[Brief descriptive captions]
◇ ◇ ◇ ◇
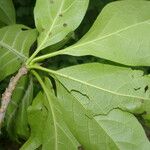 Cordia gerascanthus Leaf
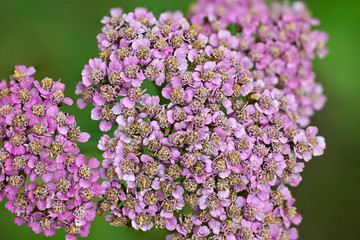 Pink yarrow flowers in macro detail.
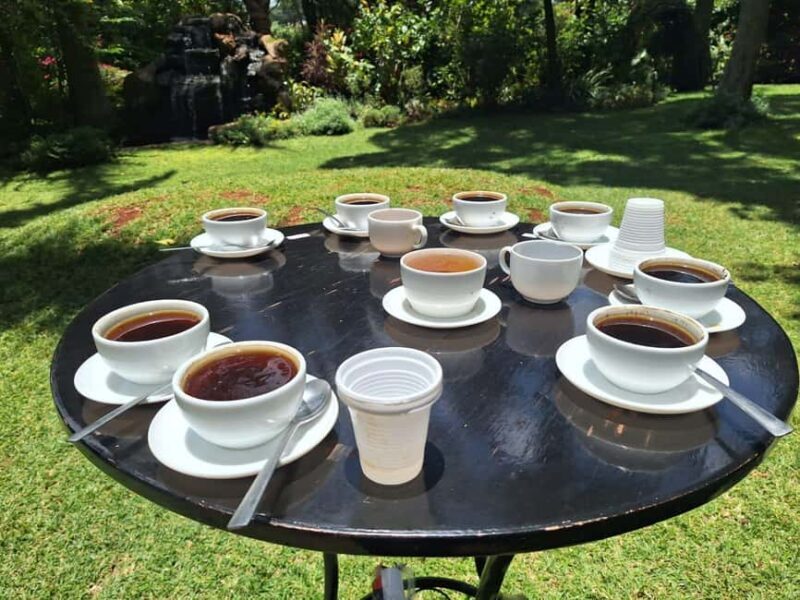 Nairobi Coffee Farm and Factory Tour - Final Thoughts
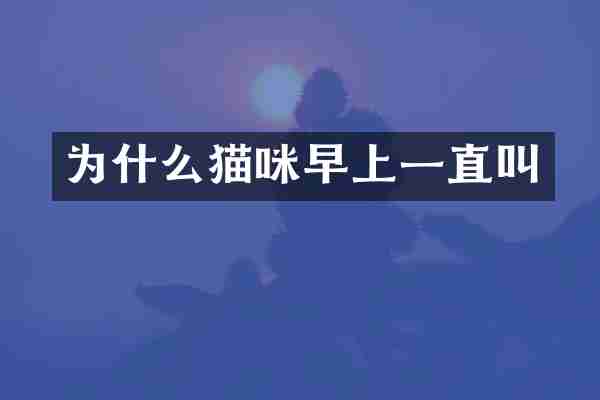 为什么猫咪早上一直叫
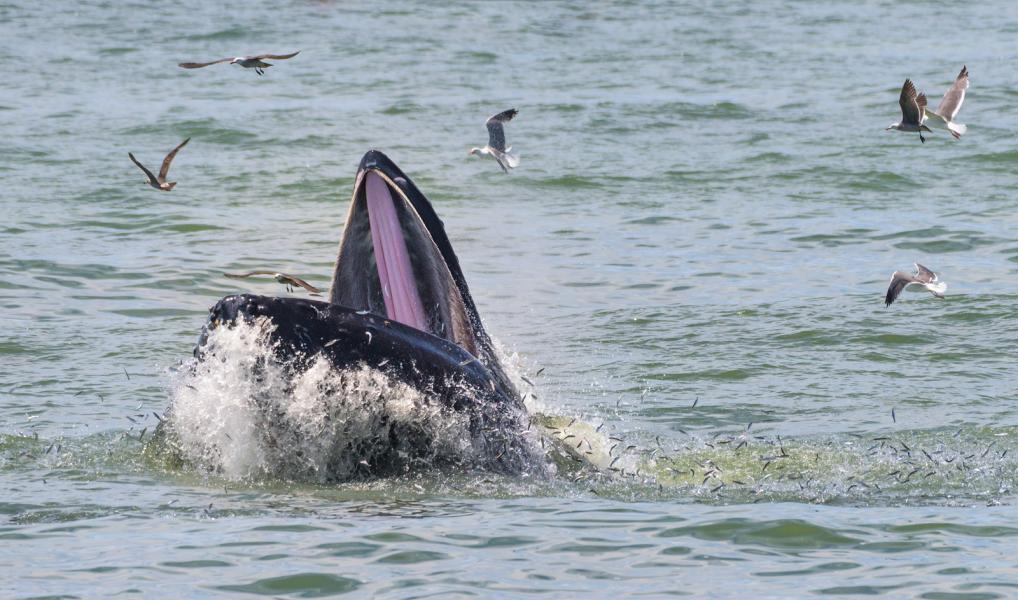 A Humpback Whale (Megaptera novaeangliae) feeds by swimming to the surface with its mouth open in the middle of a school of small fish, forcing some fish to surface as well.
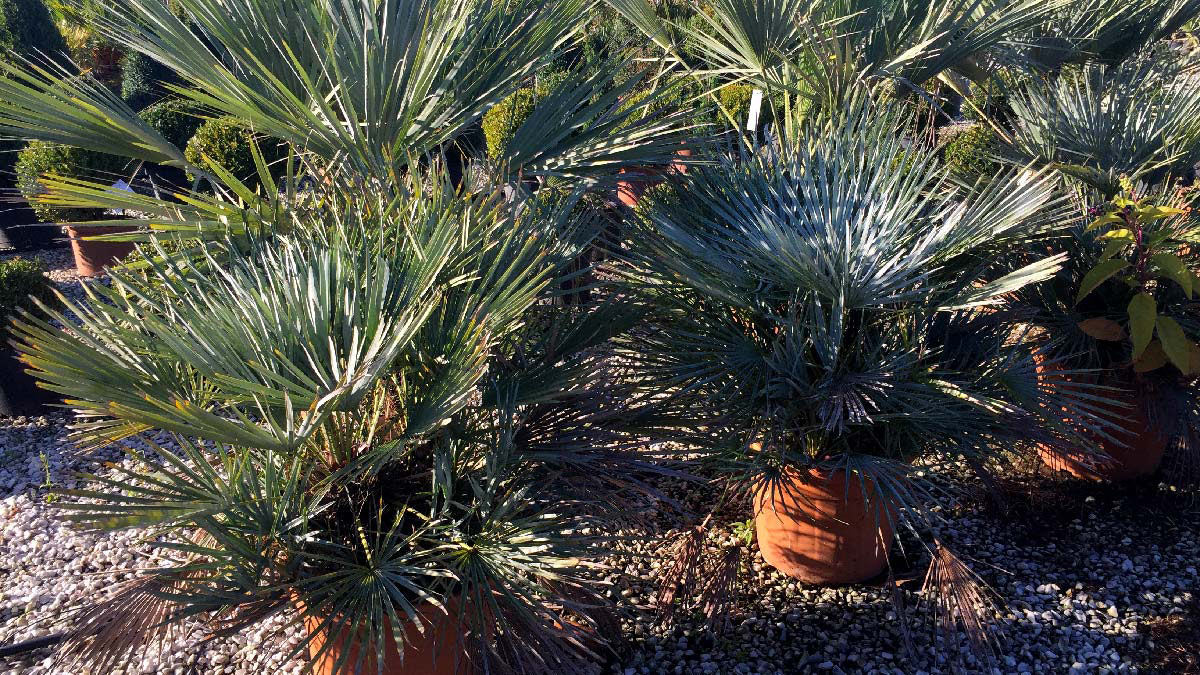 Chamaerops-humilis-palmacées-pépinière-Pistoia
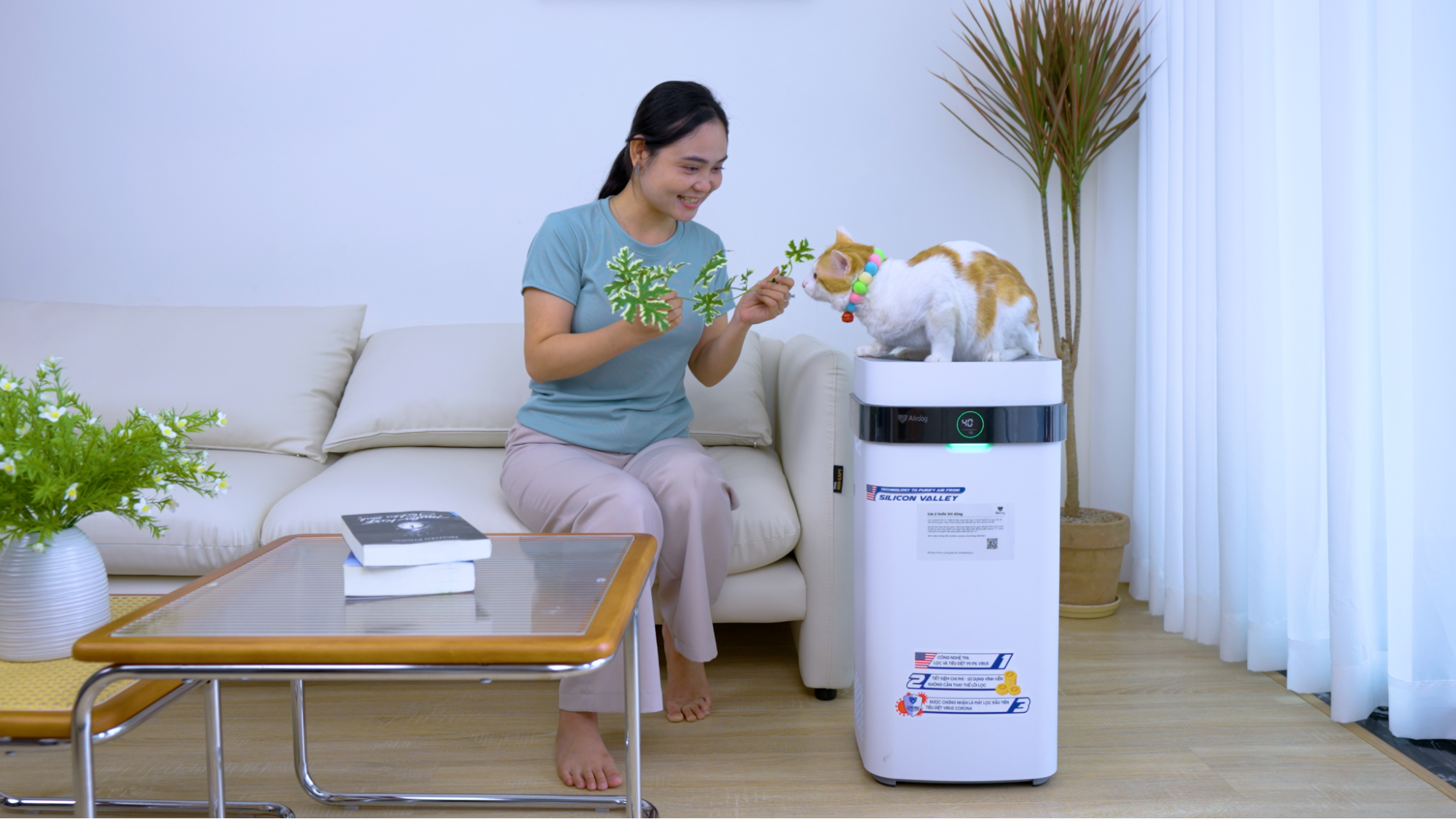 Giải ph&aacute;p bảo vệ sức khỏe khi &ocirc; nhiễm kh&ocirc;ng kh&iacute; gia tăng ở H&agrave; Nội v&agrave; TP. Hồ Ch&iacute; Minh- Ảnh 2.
◇ ◇ ◇ ◇
— EXERCISE DETAILS —
In your copy, please omit the pictures and print every line of the records exactly.

— SOLUTION —
 Cordia gerascanthus Leaf
 Pink yarrow flowers in macro detail.
 Nairobi Coffee Farm and Factory Tour - Final Thoughts
 为什么猫咪早上一直叫
 A Humpback Whale (Megaptera novaeangliae) feeds by swimming to the surface with its mouth open in the middle of a school of small fish, forcing some fish to surface as well.
 Chamaerops-humilis-palmacées-pépinière-Pistoia
 Giải ph&aacute;p bảo vệ sức khỏe khi &ocirc; nhiễm kh&ocirc;ng kh&iacute; gia tăng ở H&agrave; Nội v&agrave; TP. Hồ Ch&iacute; Minh- Ảnh 2.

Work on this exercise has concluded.